EDT (Euclidean Distance Transform) filtration — REMOVED

  • Assigned each foreground pixel its distance to the nearest background pixel; thick veins get high values.
  • Problem: Since the images are binarized (only black and white pixels), the EDT produces nearly trivial persistence diagrams. Most veins are 1 pixel wide, so the EDT values are almost uniform. The resulting topological features carry no meaningful information about vein structure.

Cubical (grayscale sublevel-set) filtration — REMOVED

  • Computed sublevel-set persistence on the raw grayscale image.
  • Problem: The wing images are already binarized (black veins on white background). With only two pixel values (0 and 1), the cubical filtration produces a single trivial step — all background appears at one threshold and all foreground at another. No meaningful topological information can be extracted from a binary image via grayscale sublevel sets.

High-dimensional feature representations — NOT USED

Persistence images + Betti curves (as classifier features)

  • These produce high-dimensional vectors (100–225 features per diagram).
  • With multiple filtrations × H0/H1, the combined feature matrix easily reaches ~1000 features for only 72 samples.
  • Problem: Overfitting. LDA achieved 86% on 991 features / 72 samples, but this is likely noise exploitation. Nested LOOCV showed lower honest accuracy. Summary statistics (11–19 features per diagram) are sufficient and far more interpretable.

Classifiers that were not effective

SVM on distance matrices

  • Converted persistence diagram distances to an RBF-like kernel and trained linear SVM.
  • Problem: Performance was generally worse than direct k-NN on the same distances, with more hyperparameters to tune.

Ensemble methods (majority/weighted voting)

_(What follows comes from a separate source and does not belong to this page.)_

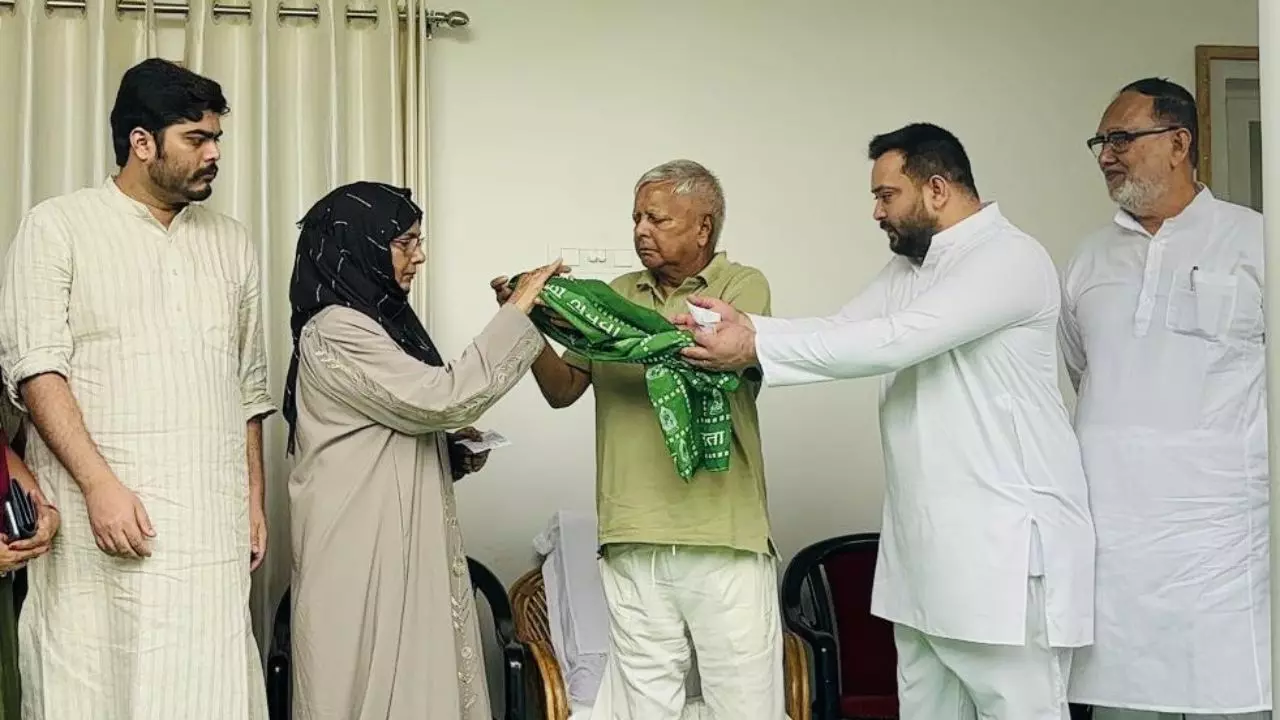 शहाबुद्दीन की पत्नी और बेटे ओसामा RJD में शामिल, क्या पड़ेगा मुस्लिम वोटरों पर असर?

  • Combined k-NN, SVM, RF, LDA predictions.
  • Problem: Adds complexity without clear improvement over the best single classifier when features are well-chosen. Not explainable.

Key lesson

Simple features + simple classifiers (Rips + Radial summary statistics with LDA or Decision Tree) are more trustworthy and interpretable than complex pipelines with hundreds of features on a 72-sample dataset.